Required work >> The lines below starting at the line containing "3pcs Adelaide Coastal" and ending at the line containing "Car Ashtray with Cover LED Light car ashtray" are to be repeated exactly, with both ends kept and nothing else added.
Given entries: Begin
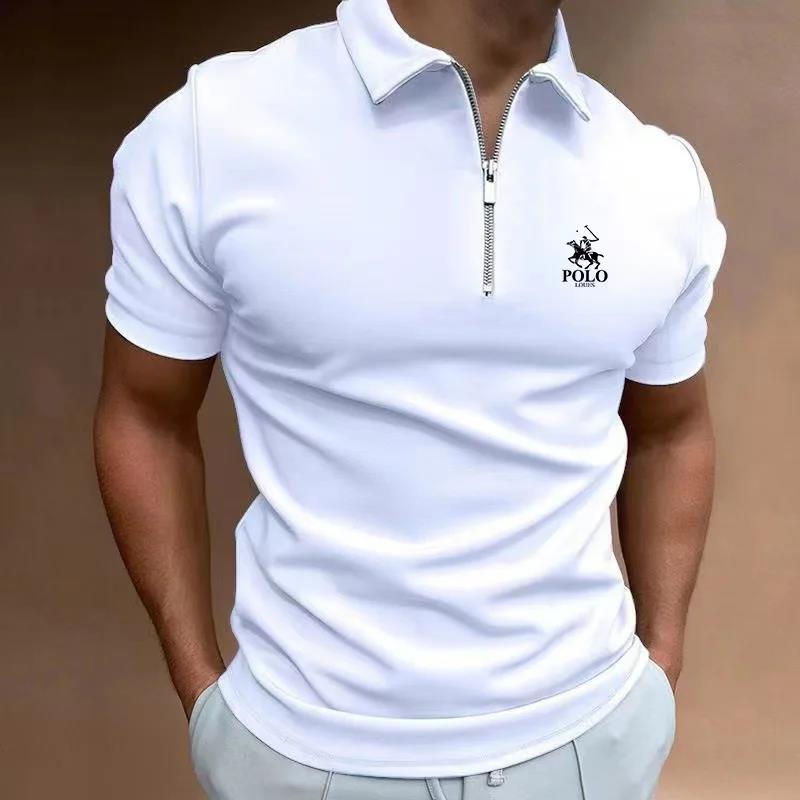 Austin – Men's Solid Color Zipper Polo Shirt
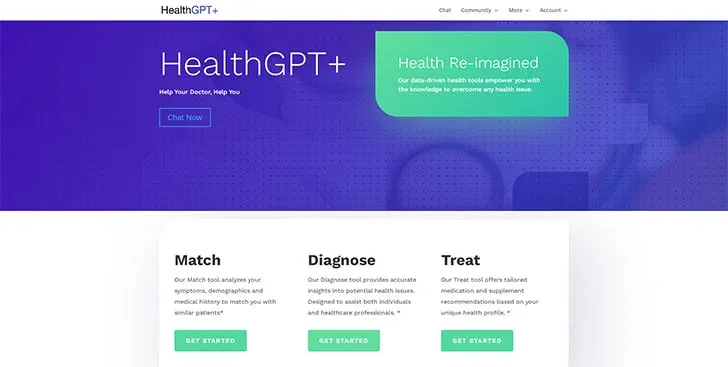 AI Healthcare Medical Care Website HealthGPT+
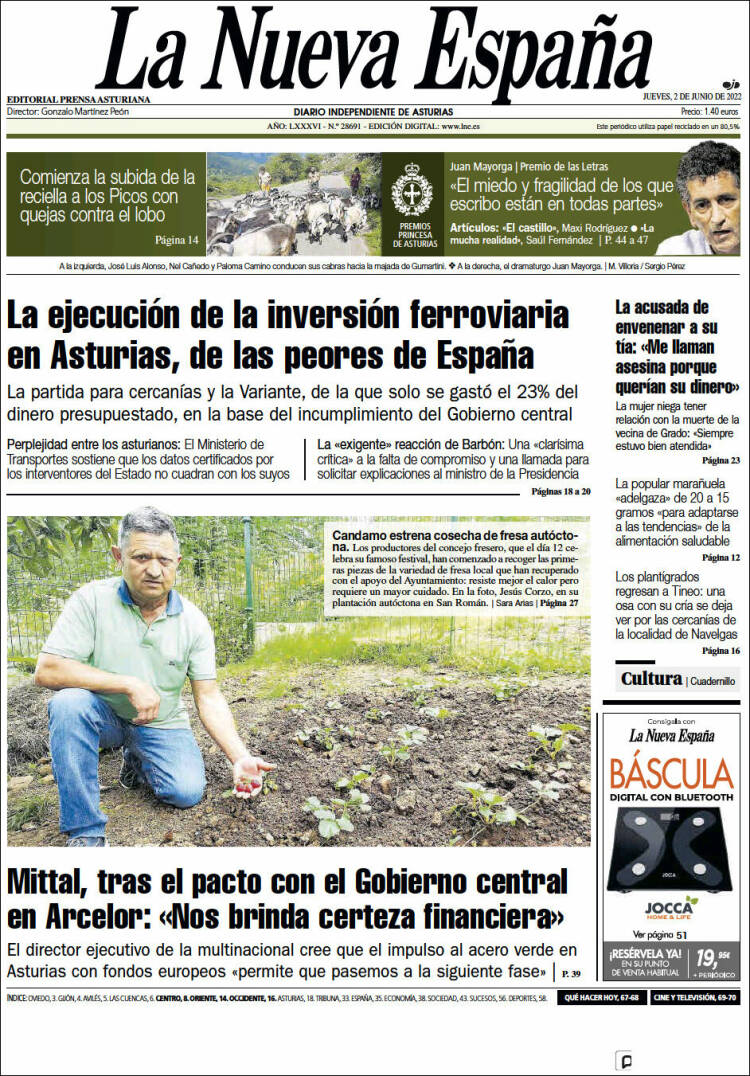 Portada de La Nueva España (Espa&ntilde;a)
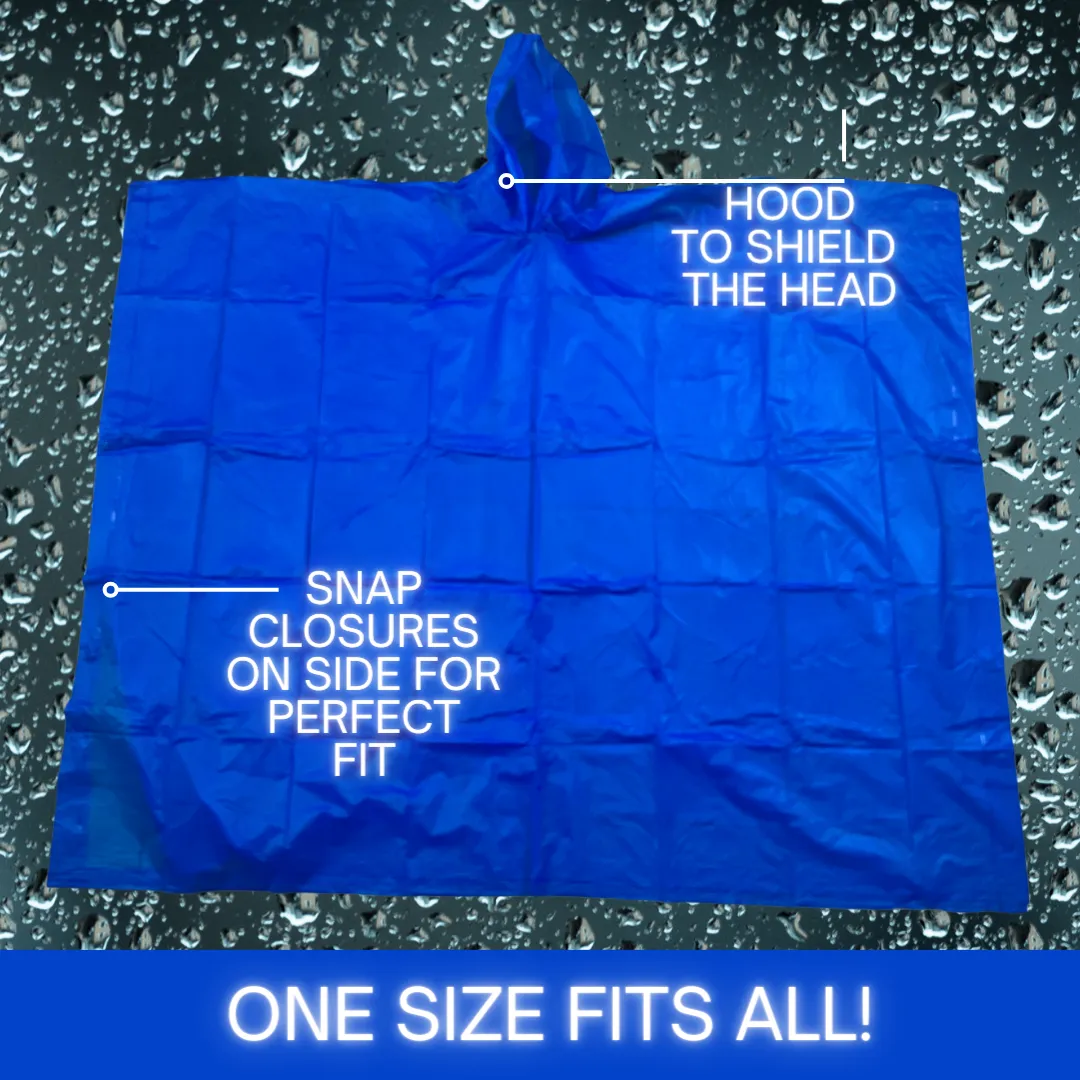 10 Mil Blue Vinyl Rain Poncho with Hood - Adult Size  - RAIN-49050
Given entries: End
Given entries: Begin
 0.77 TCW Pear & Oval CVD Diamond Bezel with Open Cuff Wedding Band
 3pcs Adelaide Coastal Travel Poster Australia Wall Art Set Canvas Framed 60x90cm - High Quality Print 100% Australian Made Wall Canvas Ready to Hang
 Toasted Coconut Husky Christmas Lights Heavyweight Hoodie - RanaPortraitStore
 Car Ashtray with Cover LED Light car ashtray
Given entries: End
Reply >>
 3pcs Adelaide Coastal Travel Poster Australia Wall Art Set Canvas Framed 60x90cm - High Quality Print 100% Australian Made Wall Canvas Ready to Hang
 Toasted Coconut Husky Christmas Lights Heavyweight Hoodie - RanaPortraitStore
 Car Ashtray with Cover LED Light car ashtray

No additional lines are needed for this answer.